EXERCISE INPUT:
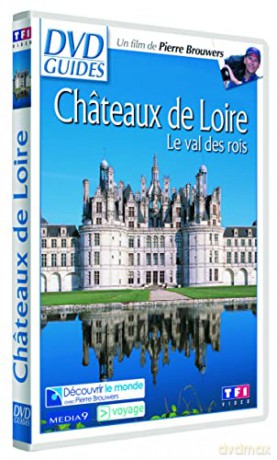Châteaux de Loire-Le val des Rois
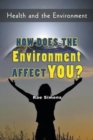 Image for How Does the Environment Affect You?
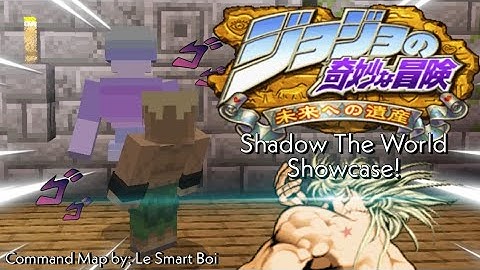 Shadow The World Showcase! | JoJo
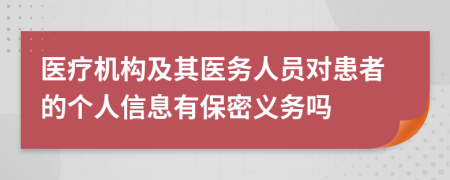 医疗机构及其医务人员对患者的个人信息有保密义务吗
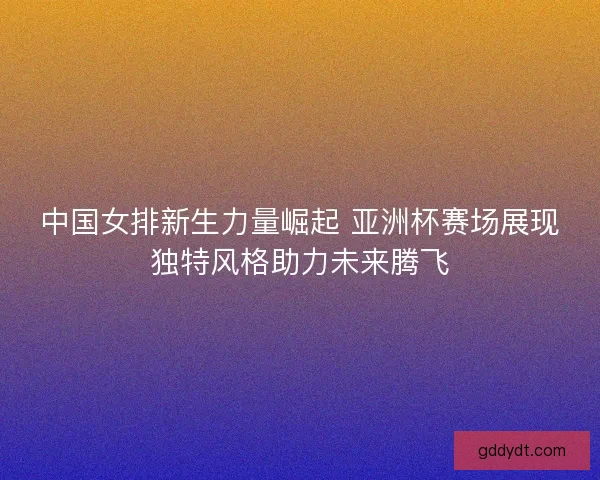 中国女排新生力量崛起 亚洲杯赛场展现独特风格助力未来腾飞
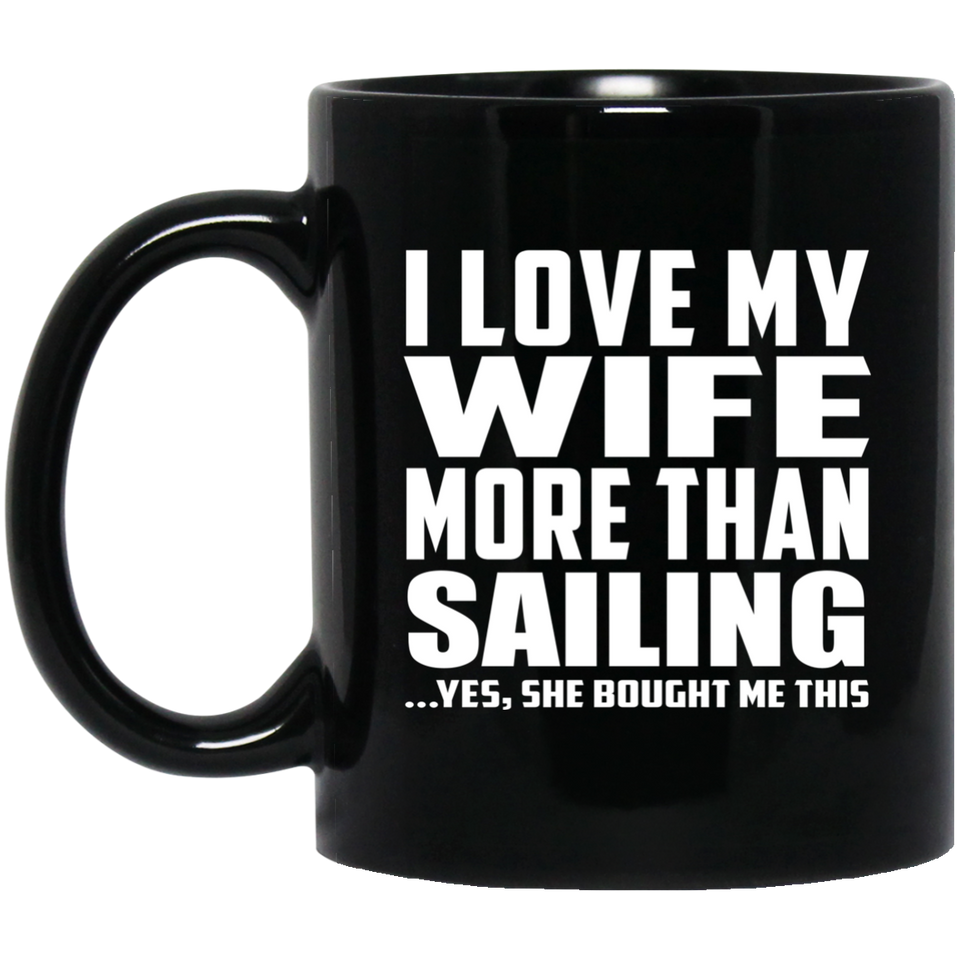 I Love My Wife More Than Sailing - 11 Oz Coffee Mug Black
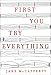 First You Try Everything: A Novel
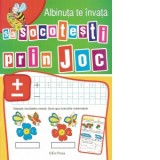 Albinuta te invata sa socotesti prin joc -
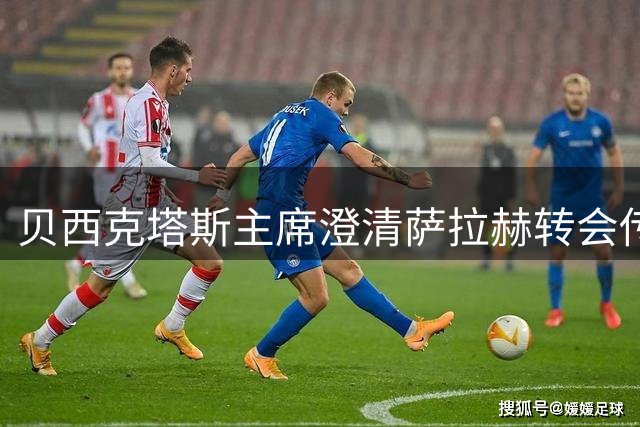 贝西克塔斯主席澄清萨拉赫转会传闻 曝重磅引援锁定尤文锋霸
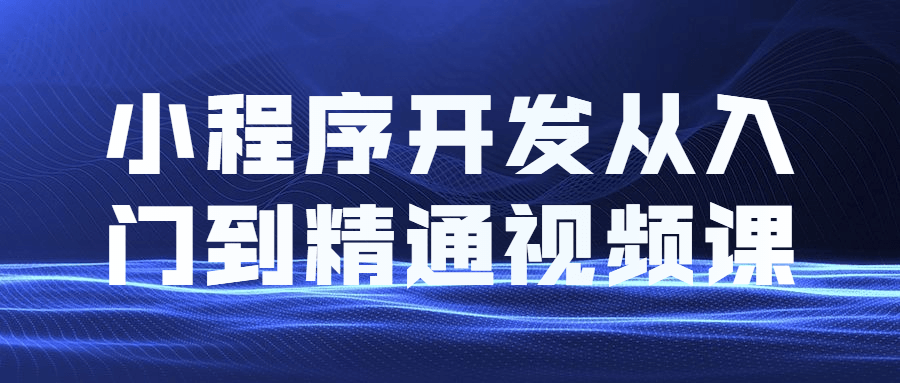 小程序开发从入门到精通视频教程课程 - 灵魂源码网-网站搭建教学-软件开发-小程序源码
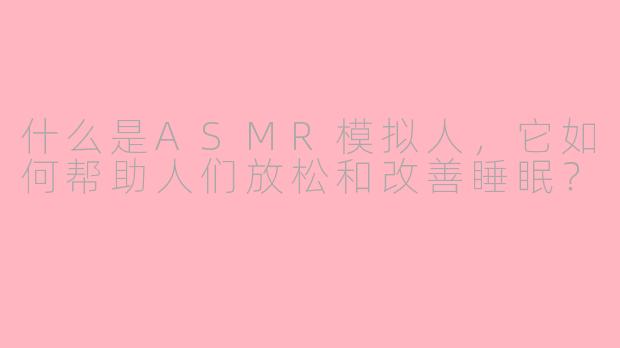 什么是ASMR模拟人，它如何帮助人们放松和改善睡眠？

* * *

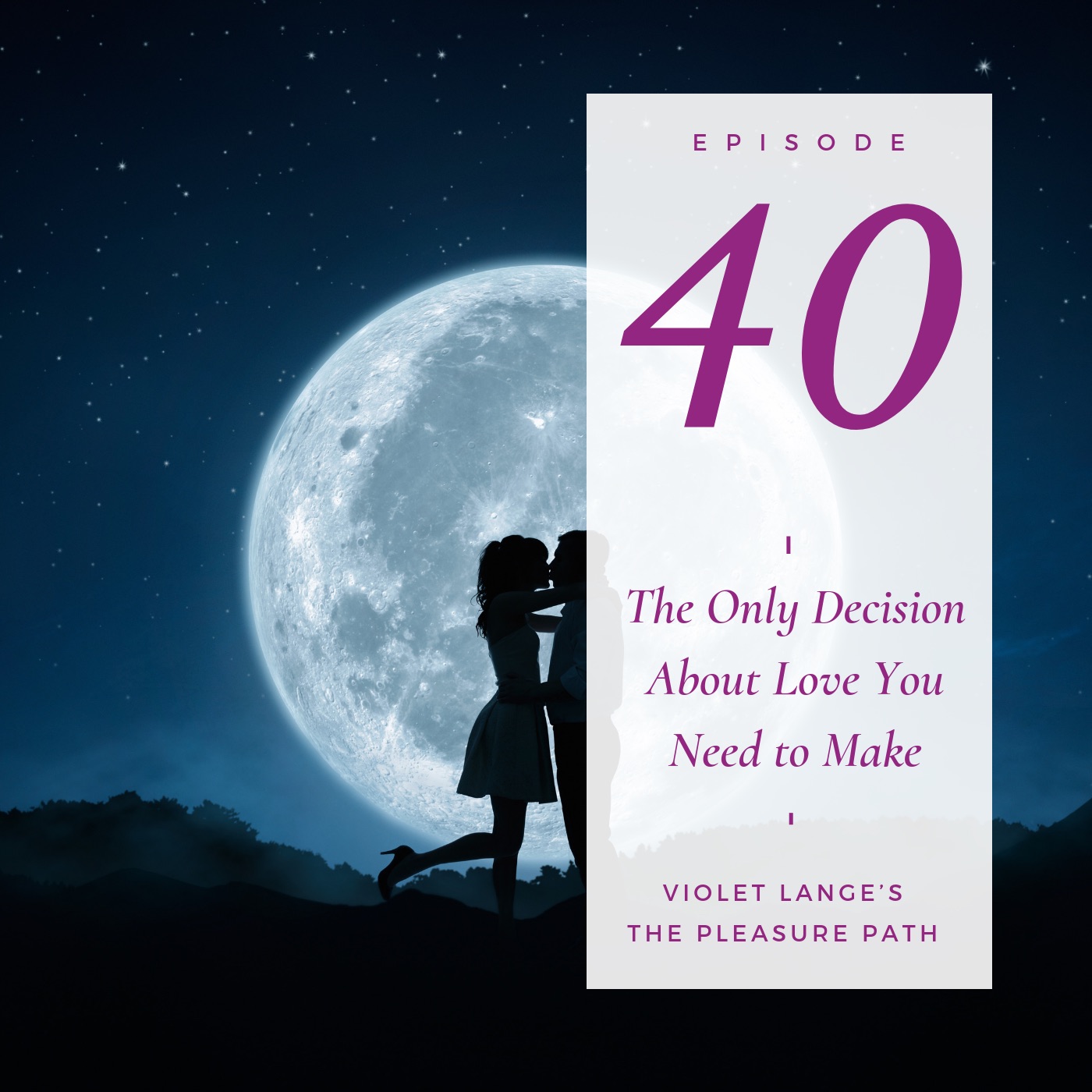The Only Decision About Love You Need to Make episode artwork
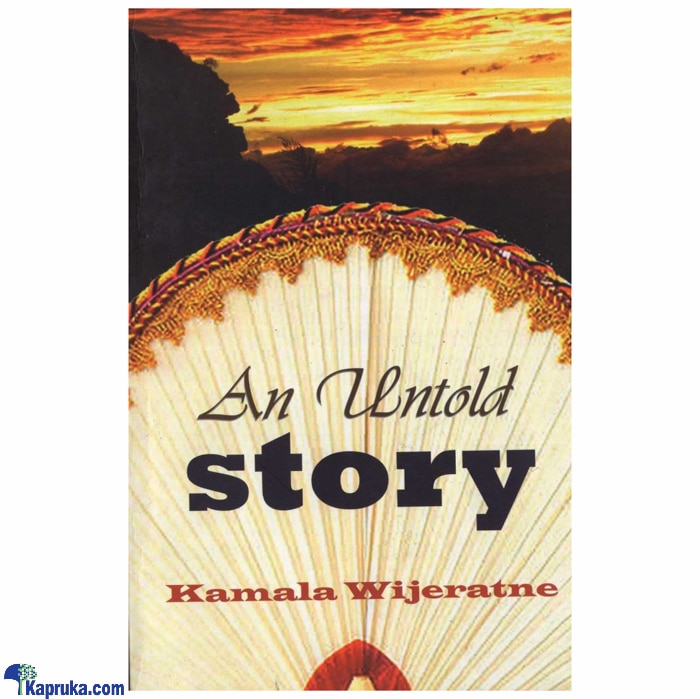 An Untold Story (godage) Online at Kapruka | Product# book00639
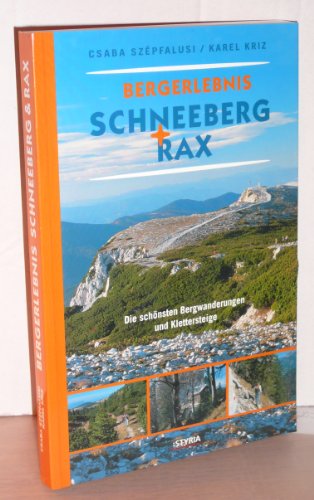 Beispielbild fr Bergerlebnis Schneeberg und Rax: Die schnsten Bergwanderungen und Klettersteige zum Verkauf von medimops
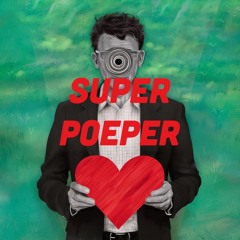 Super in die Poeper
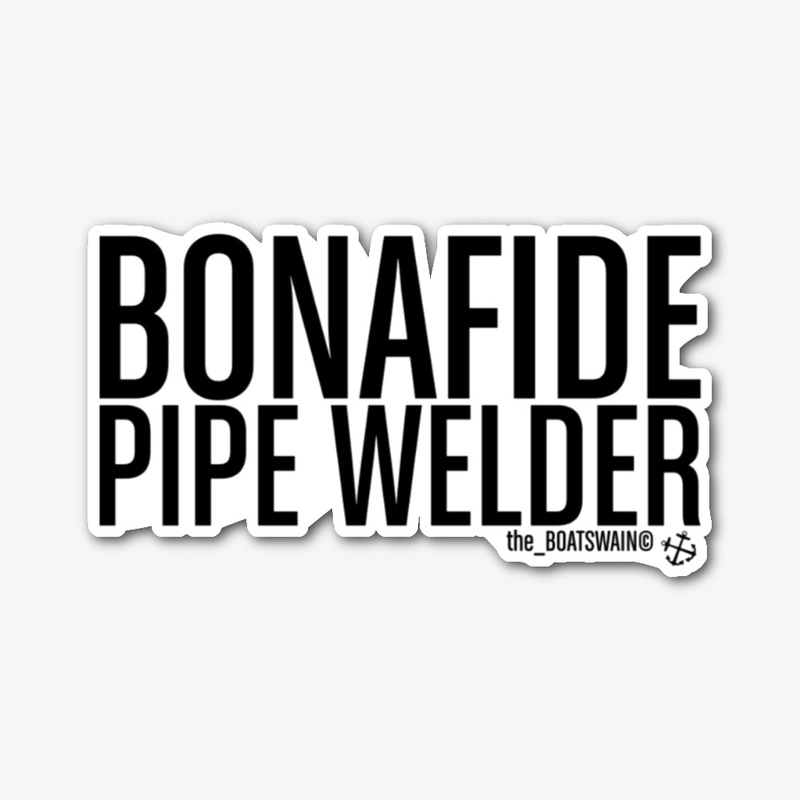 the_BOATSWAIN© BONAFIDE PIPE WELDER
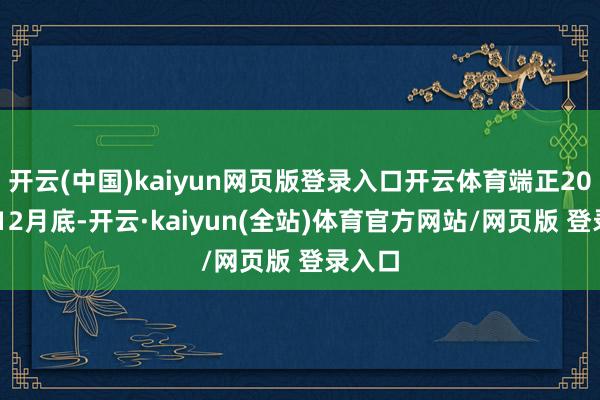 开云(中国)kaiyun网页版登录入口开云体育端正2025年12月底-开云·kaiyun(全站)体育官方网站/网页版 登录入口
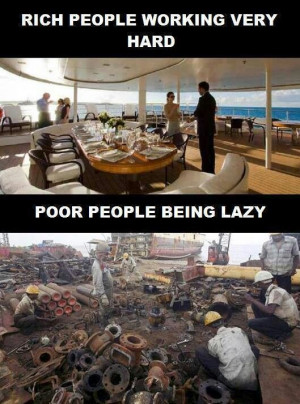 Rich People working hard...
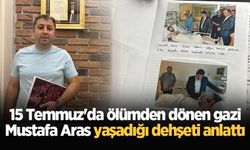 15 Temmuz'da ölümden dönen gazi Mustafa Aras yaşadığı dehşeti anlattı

==

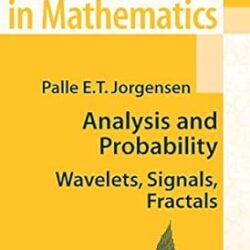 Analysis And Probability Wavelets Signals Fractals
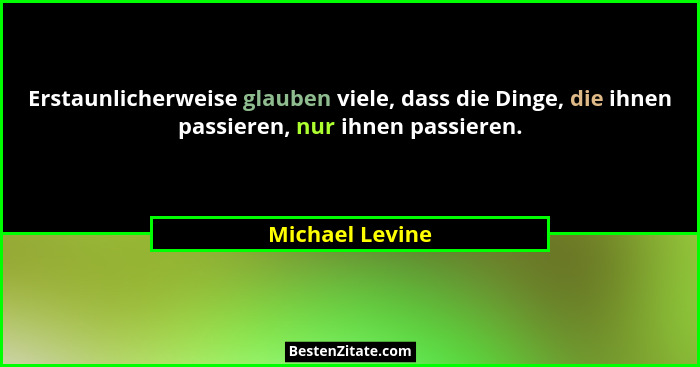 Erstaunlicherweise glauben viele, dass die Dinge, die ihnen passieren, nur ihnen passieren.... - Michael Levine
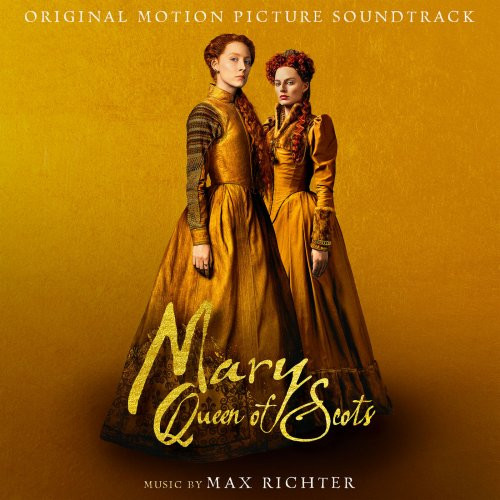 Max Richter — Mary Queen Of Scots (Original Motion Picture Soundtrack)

TASK DETAILS:
A clean copy is needed of the lines in the listing above from the one with "Rich People working hard..." through the one with "15 Temmuz'da ölümden", exact in every word and free of pictures.

SOLUTION BELOW:
 Rich People working hard...
 15 Temmuz'da ölümden dönen gazi Mustafa Aras yaşadığı dehşeti anlattı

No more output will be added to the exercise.